Once your taxonomies have passed these simple, glanceable structure tests, you should further test them by running them against your information corpus. This next step is a further test of the quality of your taxonomies, showing how well they perform against real data, and giving you another opportunity to adjust and refine their structure before you move to the next step in knowledge management design

Test Your Taxonomies

Before framing your documents against a taxonomy--essentially an indexing process--keywords, concepts and entities must be recognized in order to provide an accurate and precise understanding of the content of each document. In the best systems, a sophisticated linguistic analysis process is employed to correctly identify the phrases concepts, entities (collectively referred to as tokens), etc., found within documents. This linguistic analysis process generates a first level of normalization (stemming) on textual content. For example, if your organization chooses to use the word "gun" to represent everything from a pistol to a rifle, then all documents referencing these sorts of firearms will appear under the category of "gun."

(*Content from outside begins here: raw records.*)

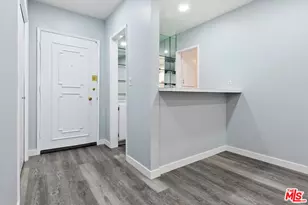 927 N Kings Rd, West Hollywood, CA 90069 - Photo 18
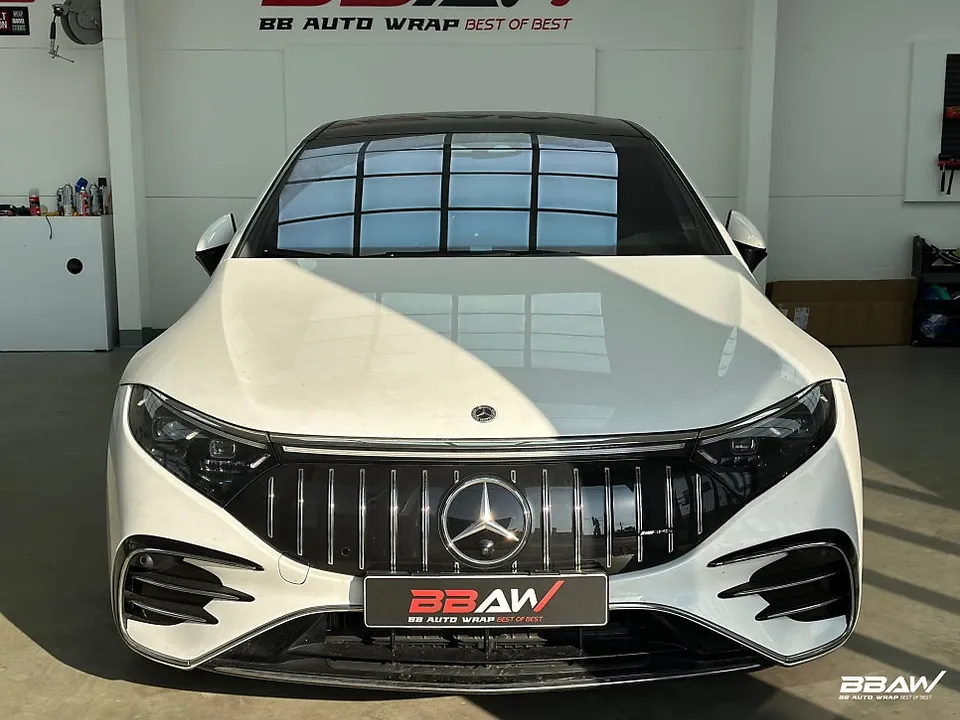 Mercedes-Benz EQSのカーラッピング事例|費用目安・仕上がり 施工写真 1-1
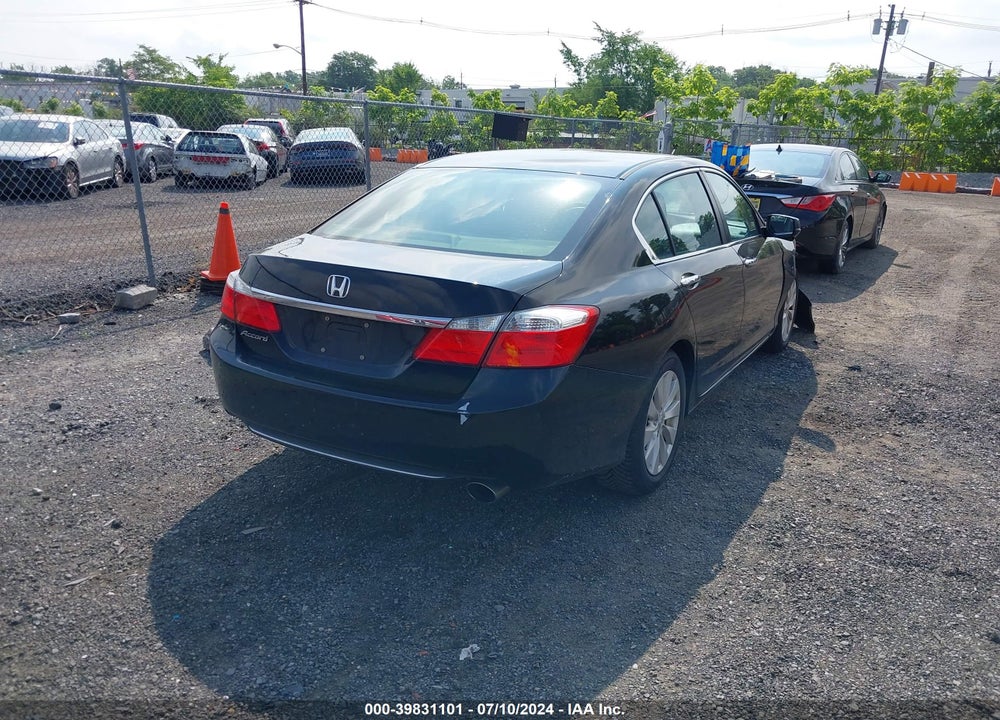 2013 HONDA ACCORD EX VIN: 1HGCR2F70DA270706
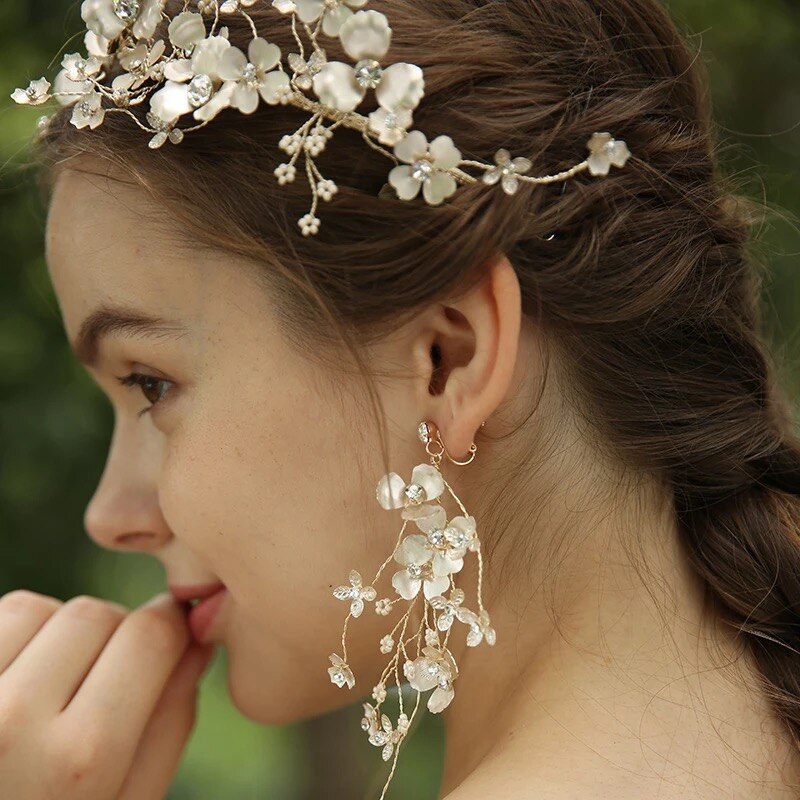 Blumenhaarreifen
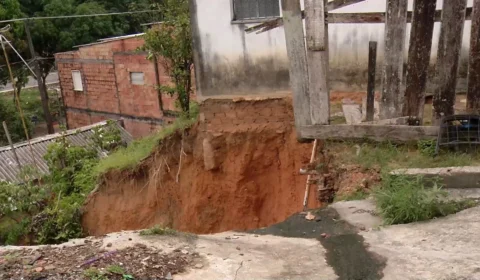 VÍDEO: casas correm risco de serem engolidas por cratera em rua de Manaus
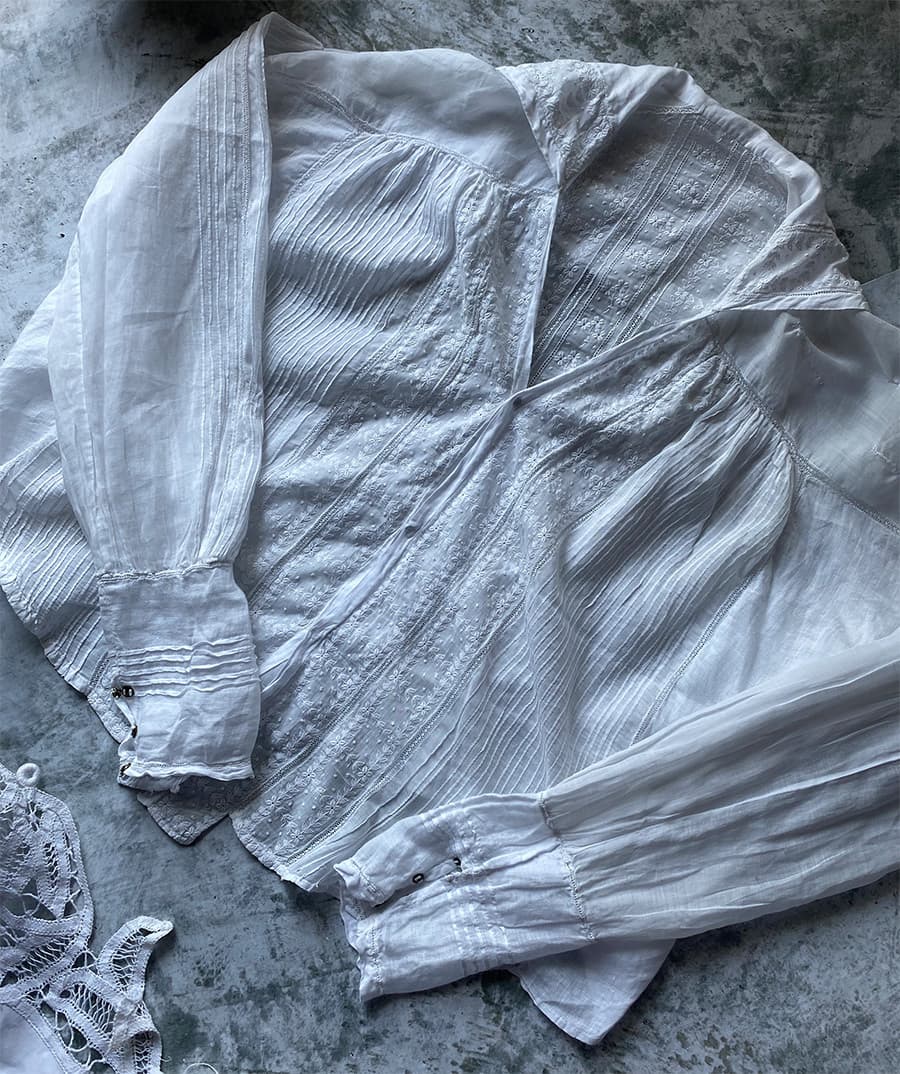 アンティークセーラーカラーブラウスAntiquesailorcollarblouse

Once the tokens are extracted, they can be run--or latched--against one or multiple taxonomies, resulting in a very rich index of the contents of your documents. This indexing process creates a semantic signature for each document. The resulting semantic signature ranks all the taxonomic categories, which have been linked to each document token, along with additional information including the location of these tokens in the document, etc. The semantic signature--or collection of metadata--within each document is then retrievable as an XML representation of the contents of each document.

As a result of this process, you can view the "latching scores" of your documents, another indicator of the health of your design. You'll see concentrations of latches in certain categories, which may be overly deep or wide, or clearly duplicated. Taxonomically based indexing technology will produce tables with additional metrics. These metrics will show which categories are overproducing tags and which aren't producing enough. Figure 7 shows the distribution of category production on a vertical scale of depth through the taxonomy. You are looking for a nice bell curve on both sides.

[FIGURE 7 OMITTED]

Using this and other latching metrics, you can go back, adjust the ontology as appropriate and re-run the documents again, testing the results until you sec a proper, balanced structure. Once achieved, the data is ready for import to your content management system, portal, or whatever information management or viewing mechanism you choose.

This description is intended to provide a conceptual view of the proper design and components of taxonomy design and its function within the initial development phase of a taxonomical knowledge management structure. Like most design projects, the discipline is in the details and good taxonomy design generally requires the specialized expertise of a librarian or taxonomy expert.

To summarize, companies should begin by identifying the groupings of data its employees will need to access. From this, an ontology reflective of your company's unique view of its world can be created. Next, companies should investigate and incorporate thesauri that best describe their ontology. Companies can then begin taxonomy design, making sure each taxonomy used has the right number of levels, depth, width and structure balance. Using the results generated when documents are initially latched to these taxonomies, companies should then re-review all categories making sure that the document levels are balanced and reasonable. If not, the company can go back and clean up its ontology, re-running the documents until the structure is correct.

And yet, as important a foundation as a taxonomical structure is to knowledge management systems, ideally it should be invisible to the end user. Users should take for granted that they have reliable, comprehensive access to all the data they need. Instead, users should be empowered to connect data--to identify previously un-recognized relationships and build their own unique webs of related data that may be disconnected in time, geography and even domain. But all of this begins with the sound underlying structure of a taxonomically indexed corpus of data.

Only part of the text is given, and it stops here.